Data shown:
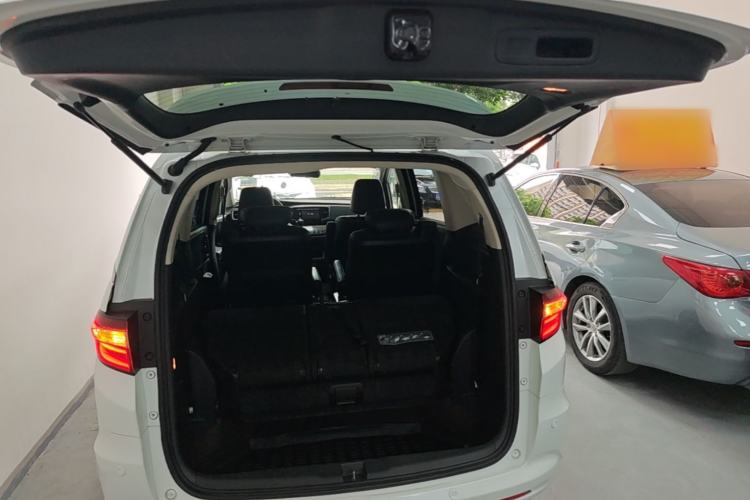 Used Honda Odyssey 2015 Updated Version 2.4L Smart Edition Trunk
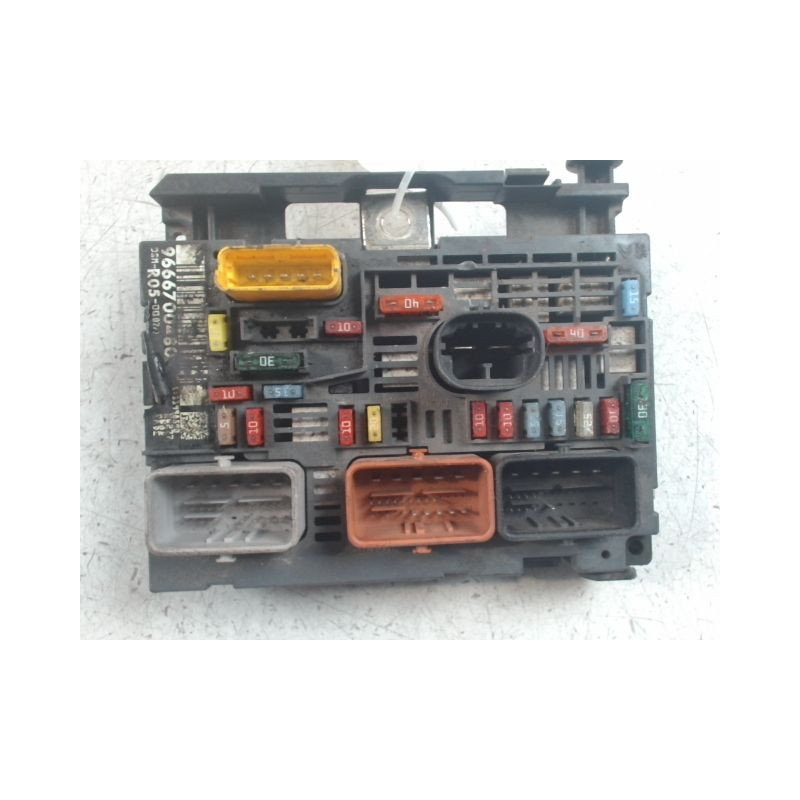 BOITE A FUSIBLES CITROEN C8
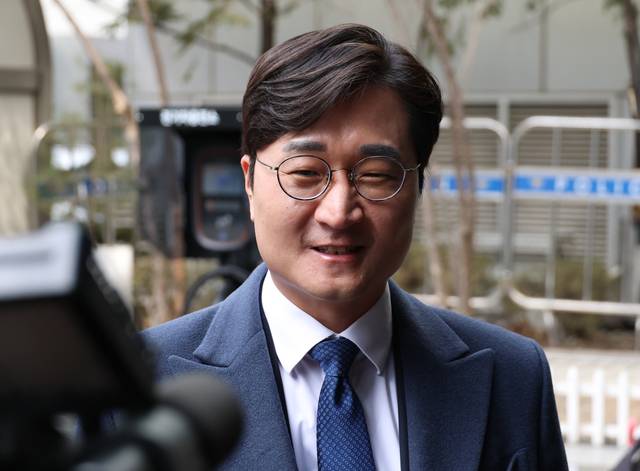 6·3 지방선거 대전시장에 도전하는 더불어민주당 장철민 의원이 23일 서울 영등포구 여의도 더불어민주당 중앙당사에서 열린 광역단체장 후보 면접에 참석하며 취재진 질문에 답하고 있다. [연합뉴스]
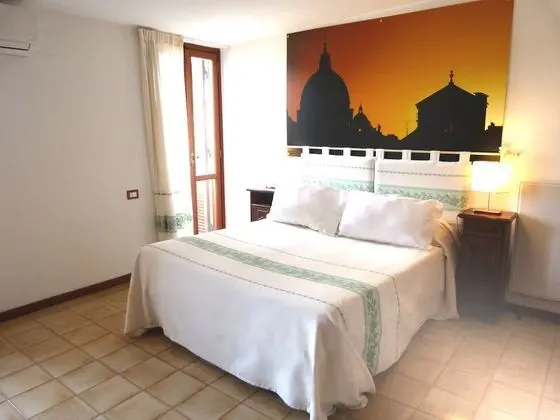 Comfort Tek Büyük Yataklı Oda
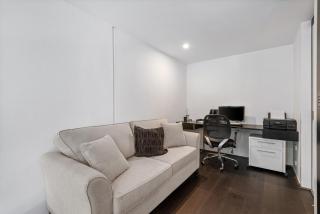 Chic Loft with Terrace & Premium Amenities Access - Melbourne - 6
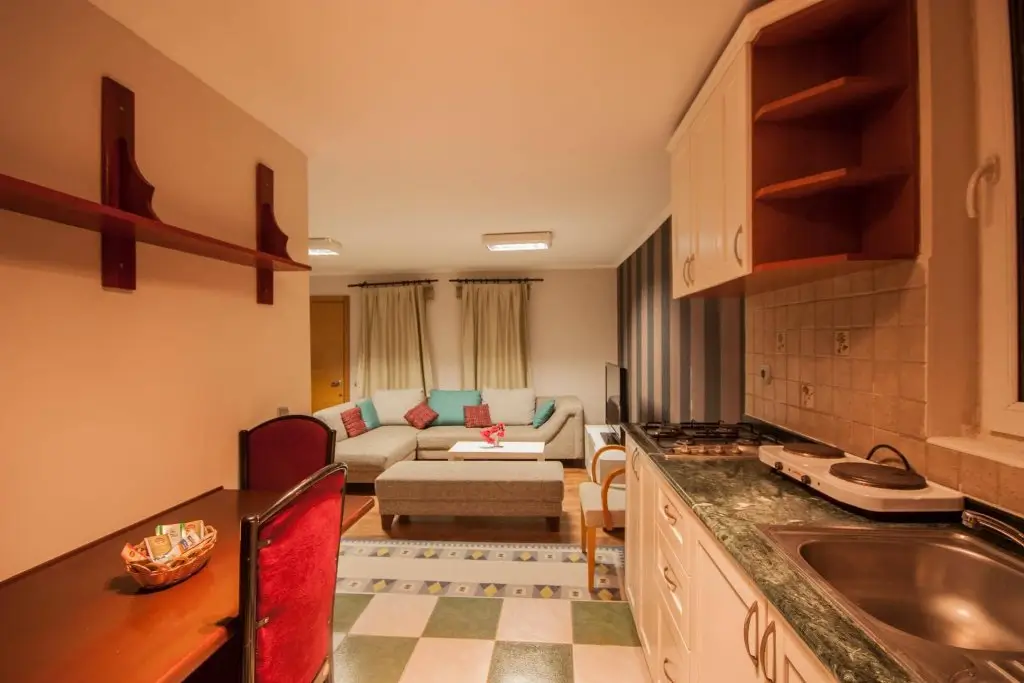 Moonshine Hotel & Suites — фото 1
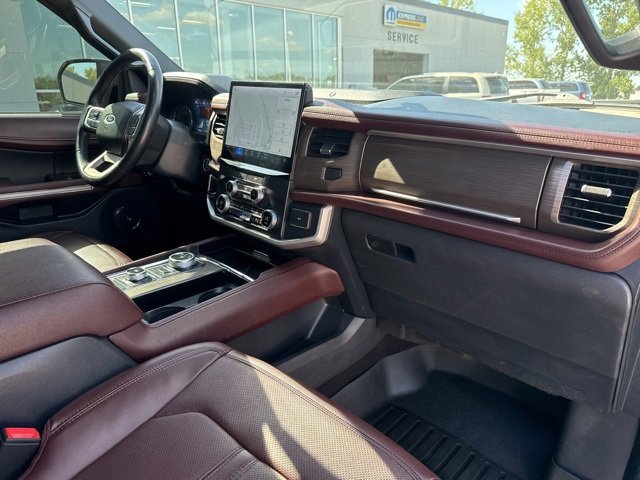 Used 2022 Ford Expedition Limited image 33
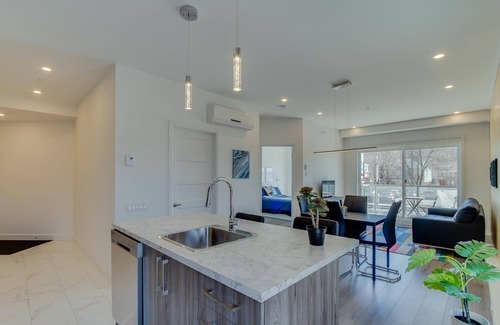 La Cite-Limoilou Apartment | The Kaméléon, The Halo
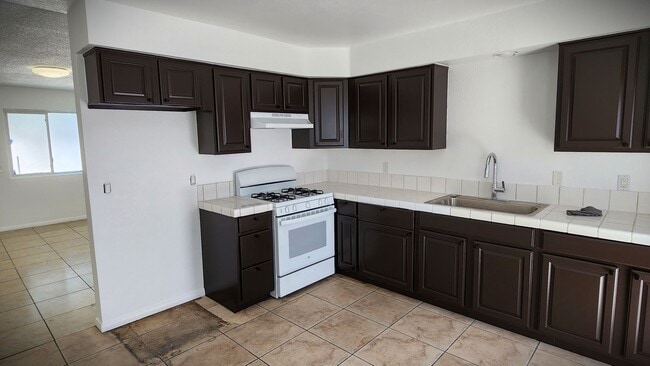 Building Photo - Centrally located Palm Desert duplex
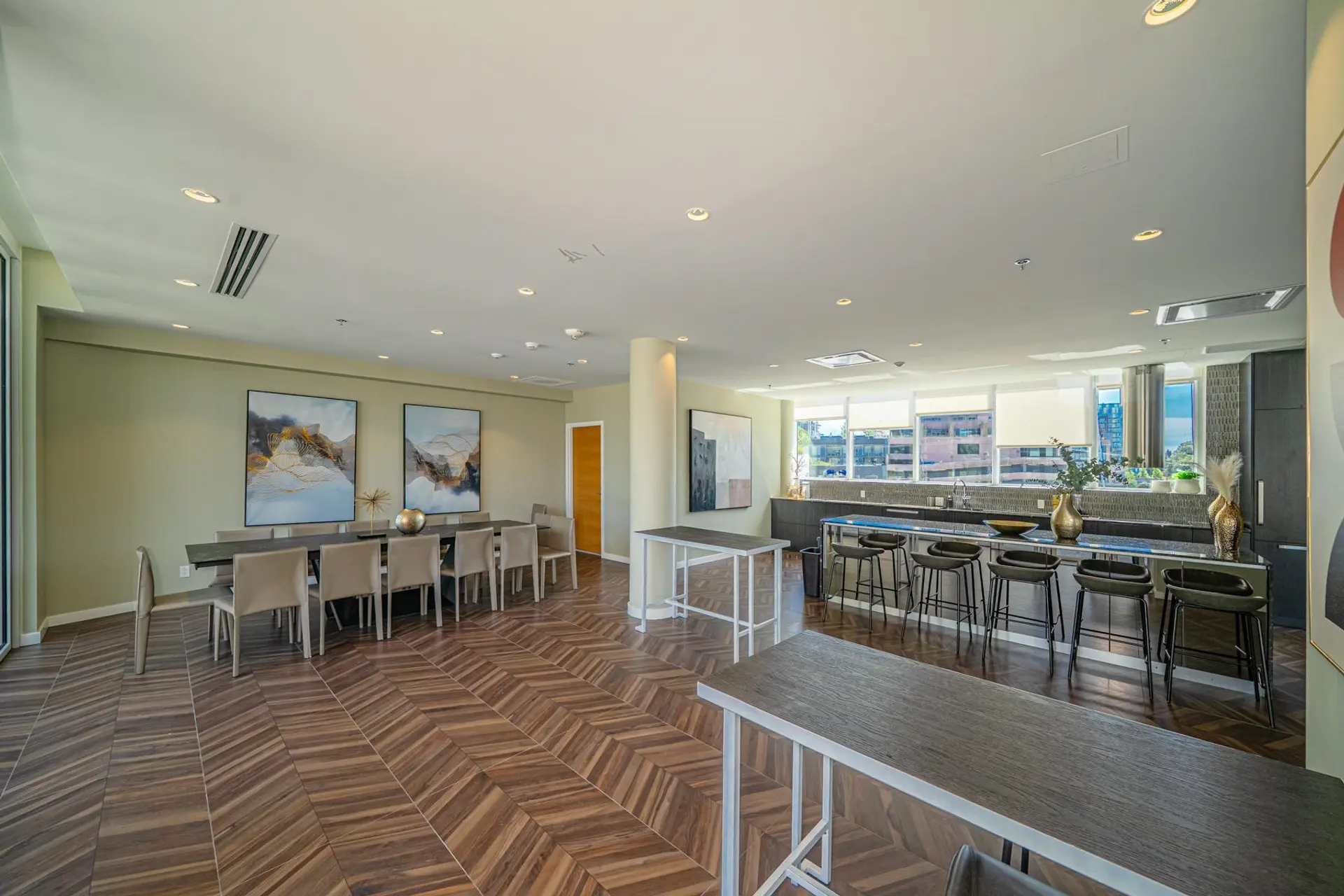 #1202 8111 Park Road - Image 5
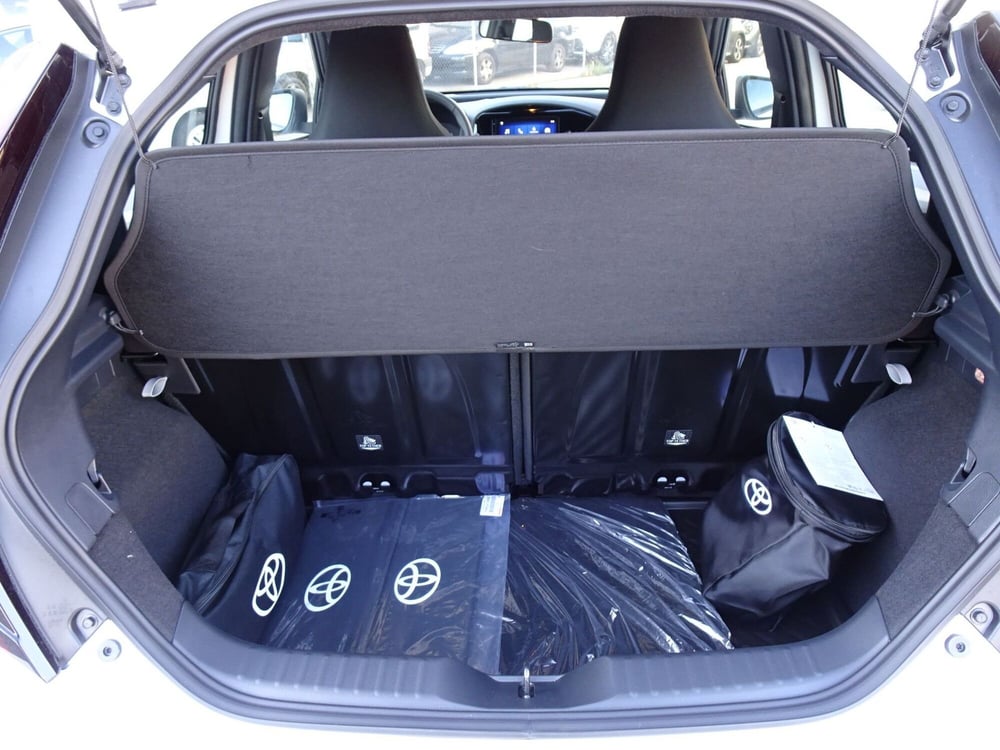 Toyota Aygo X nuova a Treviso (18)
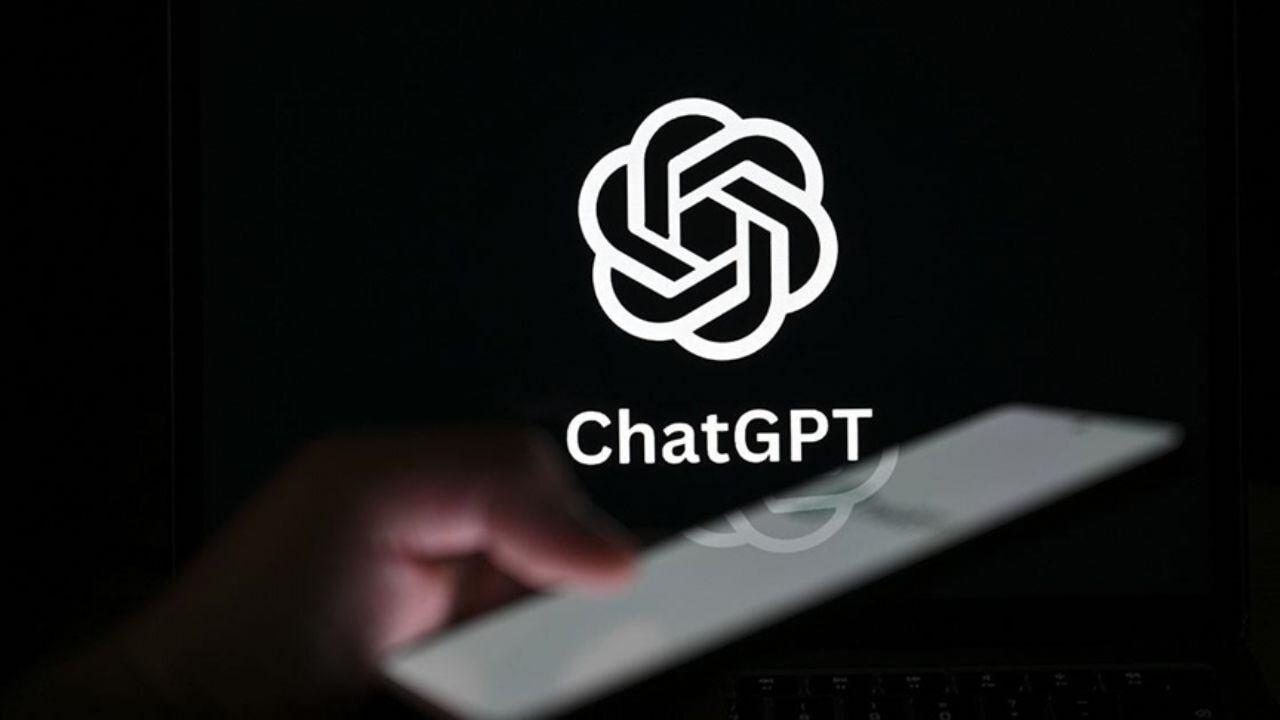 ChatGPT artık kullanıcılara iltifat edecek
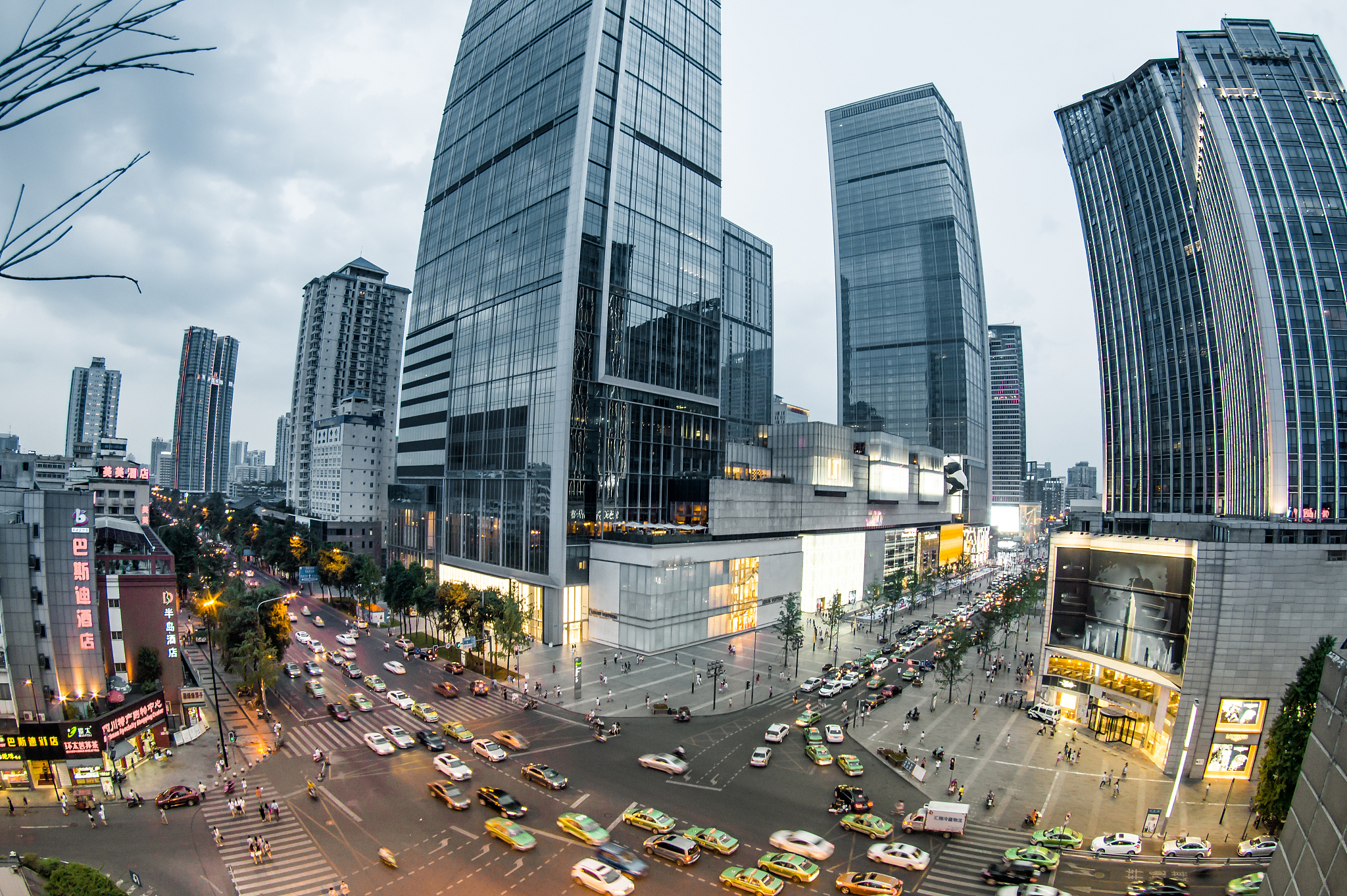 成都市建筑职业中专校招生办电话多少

Exercise brief:
Verbatim repetition of the entries is required, excluding any pictures.

Solution to this task:
 Used Honda Odyssey 2015 Updated Version 2.4L Smart Edition Trunk
 BOITE A FUSIBLES CITROEN C8
 6·3 지방선거 대전시장에 도전하는 더불어민주당 장철민 의원이 23일 서울 영등포구 여의도 더불어민주당 중앙당사에서 열린 광역단체장 후보 면접에 참석하며 취재진 질문에 답하고 있다. [연합뉴스]
 Comfort Tek Büyük Yataklı Oda
 Chic Loft with Terrace & Premium Amenities Access - Melbourne - 6
 Moonshine Hotel & Suites — фото 1
 Used 2022 Ford Expedition Limited image 33
 La Cite-Limoilou Apartment | The Kaméléon, The Halo
 Building Photo - Centrally located Palm Desert duplex
 #1202 8111 Park Road - Image 5
 Toyota Aygo X nuova a Treviso (18)
 ChatGPT artık kullanıcılara iltifat edecek
 成都市建筑职业中专校招生办电话多少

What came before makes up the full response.